La colgó en su cocina, junto al pizarrón. Cada vez que se siente cansado, la mira. Y sonríe.

A veces, los maestros no se jubilan. Solo cambian de aula. Algunos pasan del pizarrón al mundo digital, del silencio de la jubilación a las voces del internet.

Carlos suele decir que enseñar es sembrar en tierra ajena. Nunca se sabe dónde germinará una palabra. Pero cuando florece, el alma se llena.

Hoy, mientras el mate se enfría sobre la mesa, el Profe Carlos prepara su próximo video. En la pizarra escribe con trazo firme: “Letra Ñ: niña, sueño, cariño.”

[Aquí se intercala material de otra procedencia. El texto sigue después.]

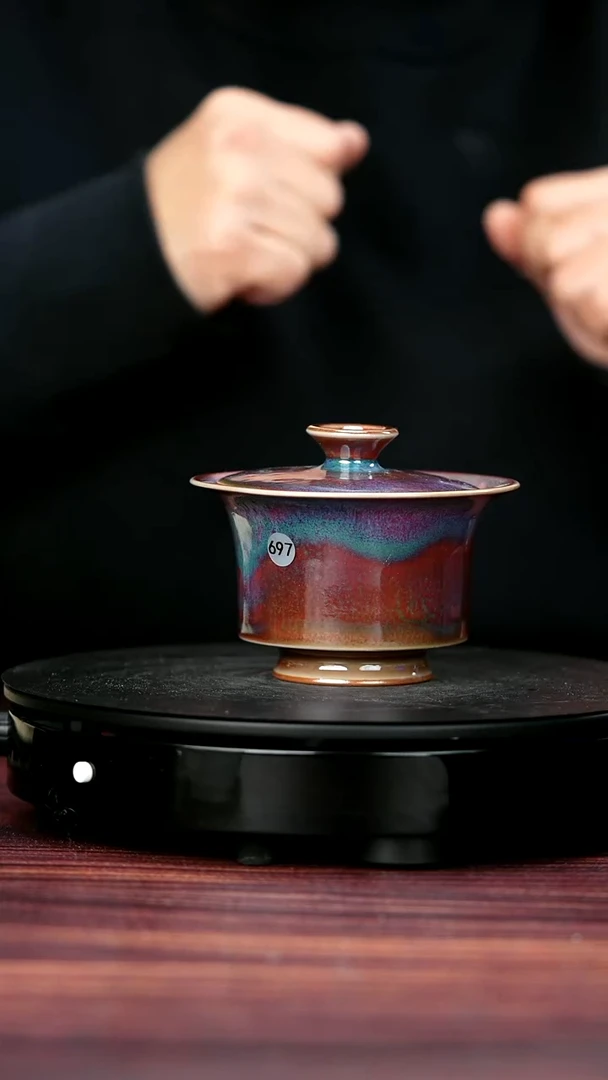 壶瓷697#李盼龙一级品原矿钧瓷盖碗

Y antes de presionar “grabar”, mira a la cámara y sonríe.
—Hola. Soy Carlos. Y si no sabés leer, no te preocupes. Vamos juntos. Desde la A.

Porque enseñar, para él, no fue nunca un trabajo. Fue una forma de vivir.

Y en cada palabra que pronuncia, en cada risa que deja escapar, hay un mensaje que atraviesa el tiempo:
Nunca es tarde para aprender.
Nunca es tarde para volver a empezar.
Y nunca, jamás, se deja de ser maestro.